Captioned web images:
....
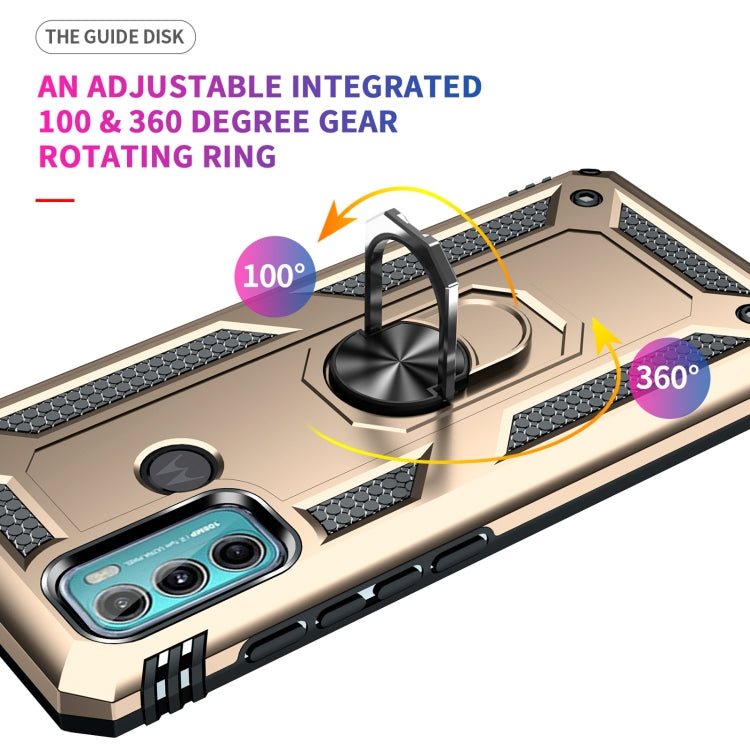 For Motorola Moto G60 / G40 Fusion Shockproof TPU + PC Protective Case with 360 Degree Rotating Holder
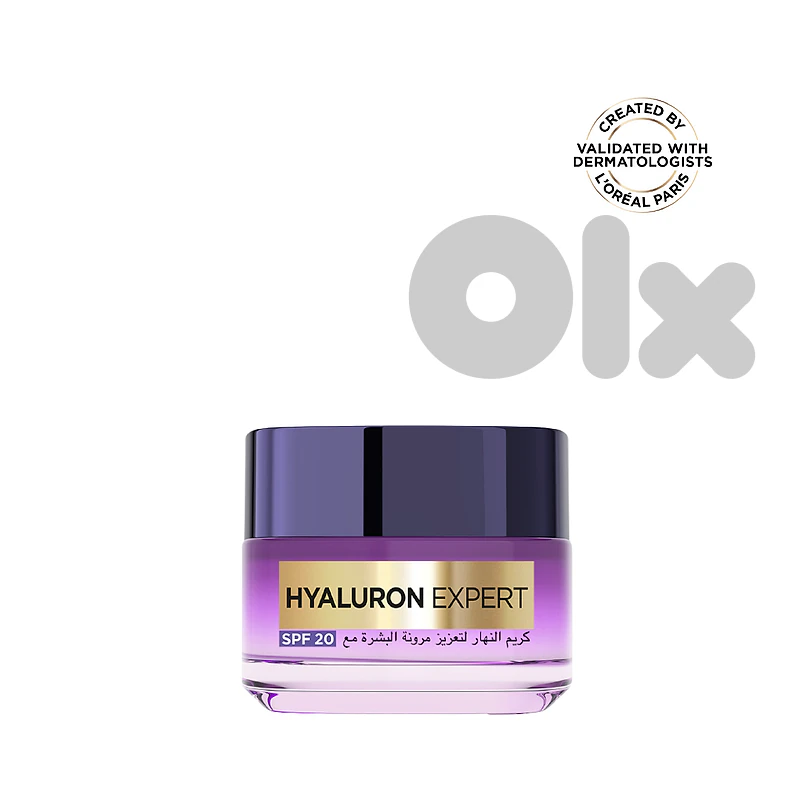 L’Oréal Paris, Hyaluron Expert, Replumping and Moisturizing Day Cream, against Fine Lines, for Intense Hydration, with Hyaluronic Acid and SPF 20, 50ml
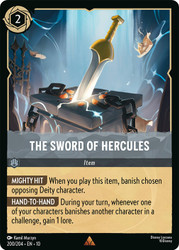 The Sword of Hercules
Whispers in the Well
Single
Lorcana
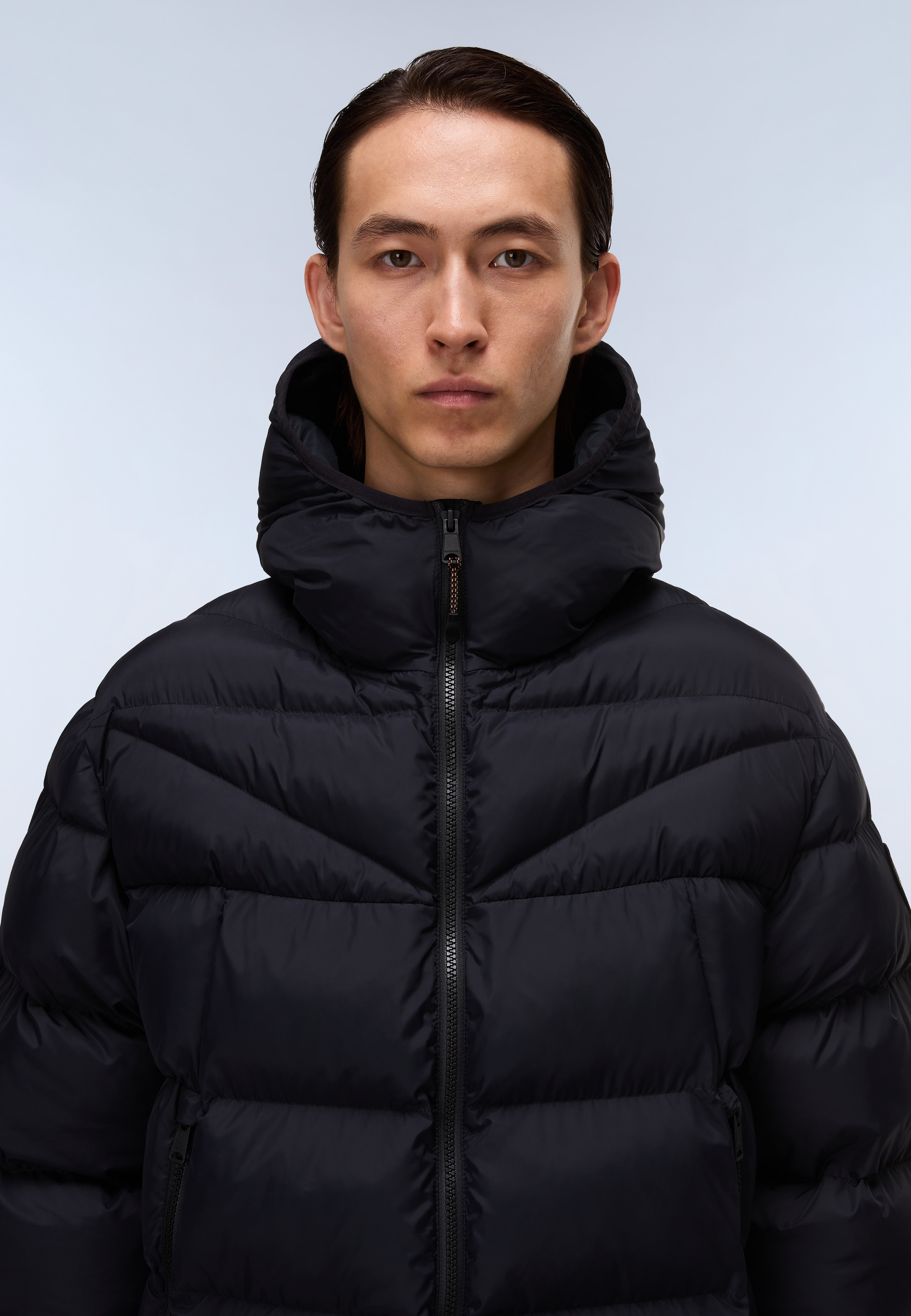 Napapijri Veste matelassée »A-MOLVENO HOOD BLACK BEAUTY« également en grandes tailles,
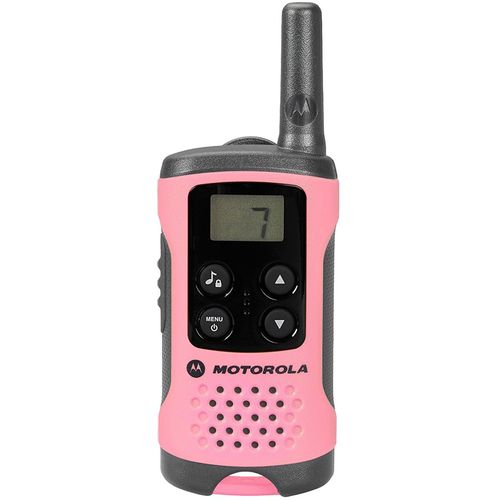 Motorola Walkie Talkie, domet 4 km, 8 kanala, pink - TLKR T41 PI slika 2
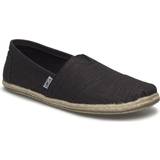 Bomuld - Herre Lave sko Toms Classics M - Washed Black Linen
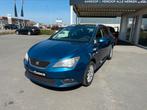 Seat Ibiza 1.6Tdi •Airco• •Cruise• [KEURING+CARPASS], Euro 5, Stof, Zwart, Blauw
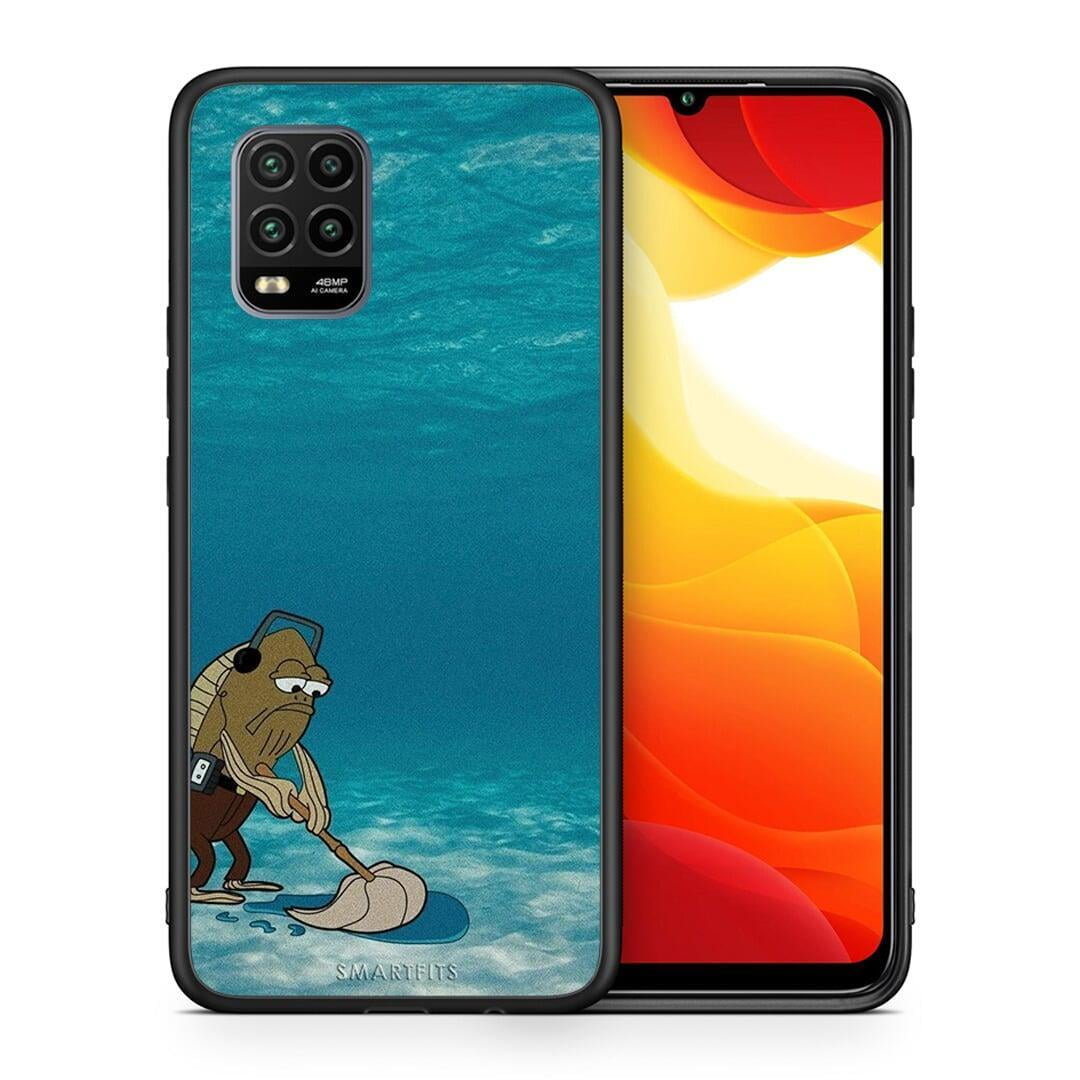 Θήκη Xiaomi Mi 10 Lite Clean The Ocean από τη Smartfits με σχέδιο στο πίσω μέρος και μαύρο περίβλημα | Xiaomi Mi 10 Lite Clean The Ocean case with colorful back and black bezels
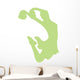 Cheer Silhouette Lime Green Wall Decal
....
→ **Exercise details**
The records above must be repeated exactly, minus their pictures.

→ **Written solution**
 For Motorola Moto G60 / G40 Fusion Shockproof TPU + PC Protective Case with 360 Degree Rotating Holder
 L’Oréal Paris, Hyaluron Expert, Replumping and Moisturizing Day Cream, against Fine Lines, for Intense Hydration, with Hyaluronic Acid and SPF 20, 50ml
 The Sword of Hercules
Whispers in the Well
Single
Lorcana
 Napapijri Veste matelassée »A-MOLVENO HOOD BLACK BEAUTY« également en grandes tailles,
 Motorola Walkie Talkie, domet 4 km, 8 kanala, pink - TLKR T41 PI slika 2
 Bomuld - Herre Lave sko Toms Classics M - Washed Black Linen
 Seat Ibiza 1.6Tdi •Airco• •Cruise• [KEURING+CARPASS], Euro 5, Stof, Zwart, Blauw
 Θήκη Xiaomi Mi 10 Lite Clean The Ocean από τη Smartfits με σχέδιο στο πίσω μέρος και μαύρο περίβλημα | Xiaomi Mi 10 Lite Clean The Ocean case with colorful back and black bezels
 Cheer Silhouette Lime Green Wall Decal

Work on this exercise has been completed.